Dorset villages: West Stafford
Ken Ayres takes his camera to a village between the waters of two rivers
Published in July ’17
Appropriately for a village between the Frome and the South Winterborne, the origins of the name of West Stafford are the words for stony and ford. There was once an East Stafford too, which is now called Lewell.
West Stafford has drawn the particular attention of three writers: Treves, Fellowes and Hardy.
Sir Frederick Treves confines himself to describing West Stafford as being on the east side of Dorchester and being a ‘lovely village, with a church and rectory good to see’. This uncharacteristically positive and unusually brief comment appears only eight pages from the end of his 370-page book, so he was perhaps sprinting for the line, but it’s still a little light on detail, given his usual depth.
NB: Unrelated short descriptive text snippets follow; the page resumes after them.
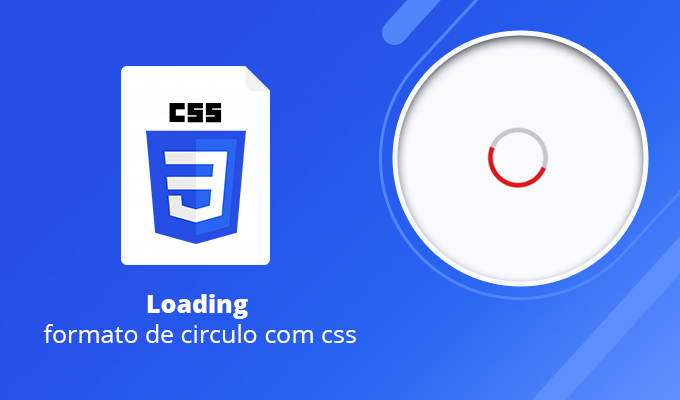 Loading Formato de Circulo com Css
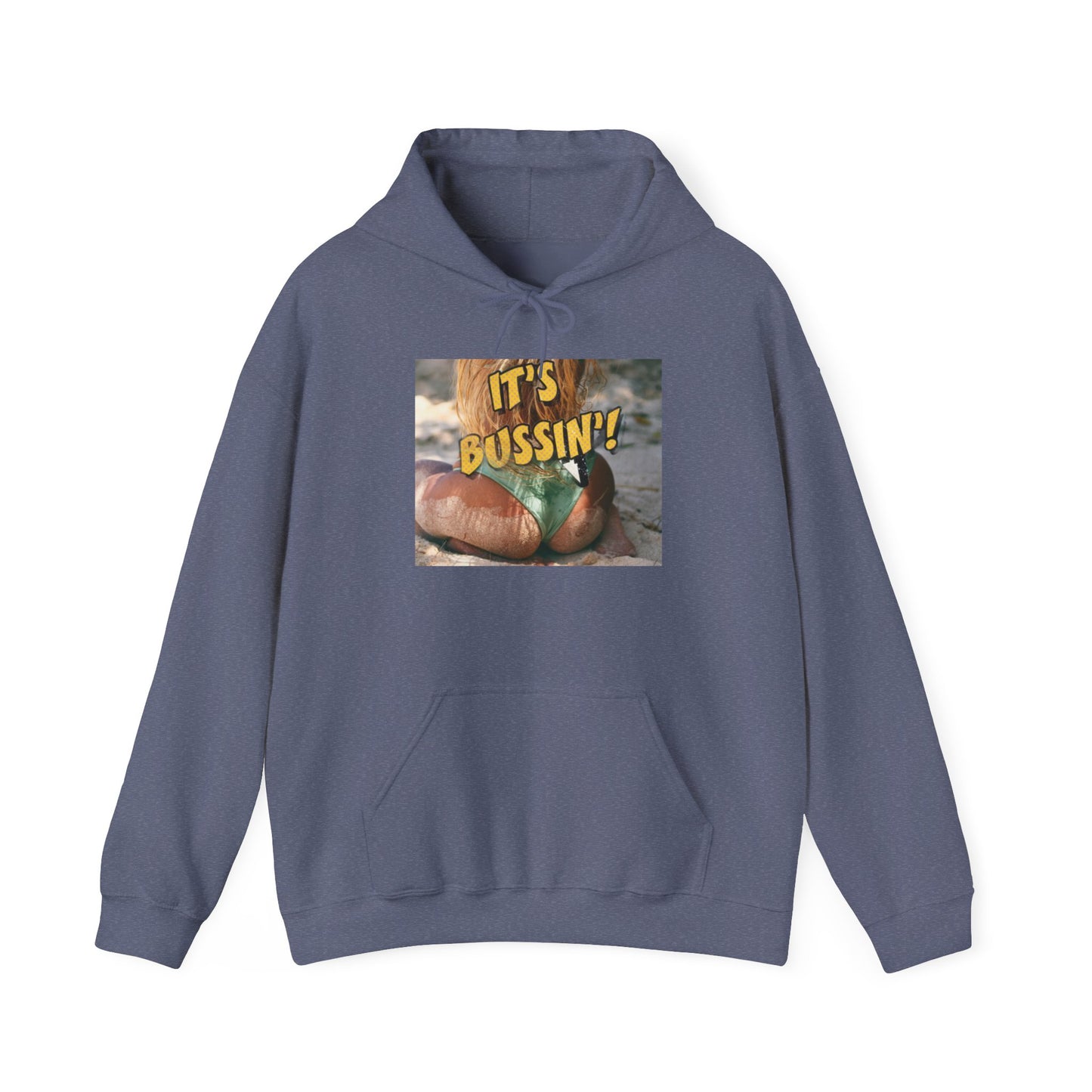 IT'S BUSSIN BEACH BOOTY Unisex Heavy Blend™ Hooded Sweatshirt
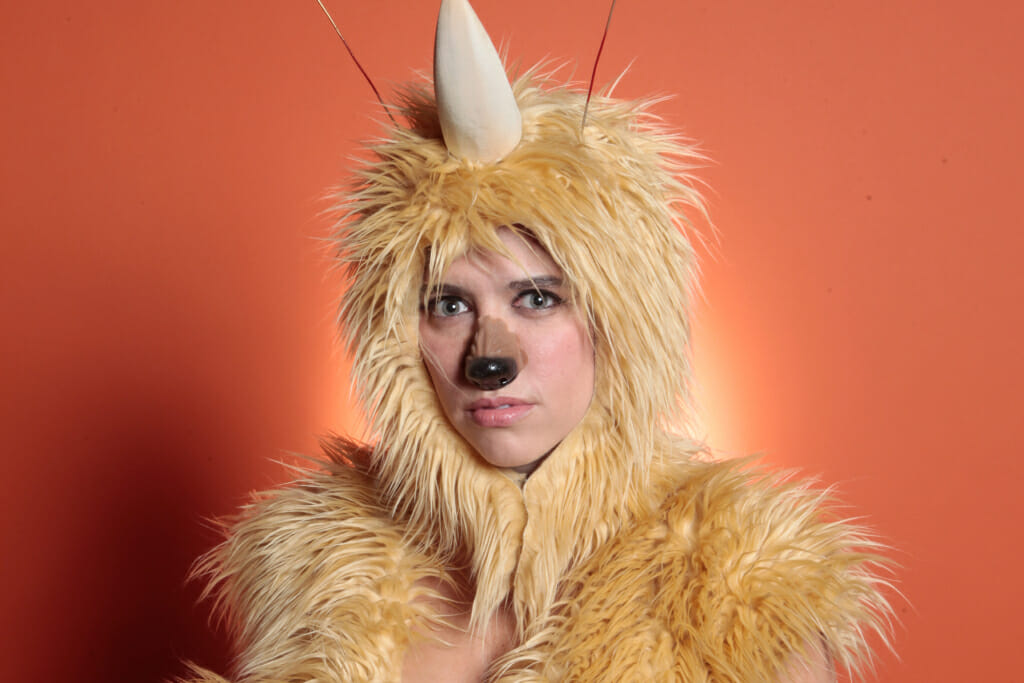 Person in lion costume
Many know the village as the home of (and suffix to the name of) Oscar-winning Gosford Park screenwriter, Julian Kitchener-Fellowes, Baron Fellowes of West Stafford.
Thomas Hardy fans will know West Stafford as the location of the story The Waiting Supper, with the church of St Andrew also being the apparent setting for Tess and Angel Clare’s marriage in Tess of the d’Urbervilles. Lower Lewell Farm is also though to be the likely inspiration for Talbothays Dairy in Tess.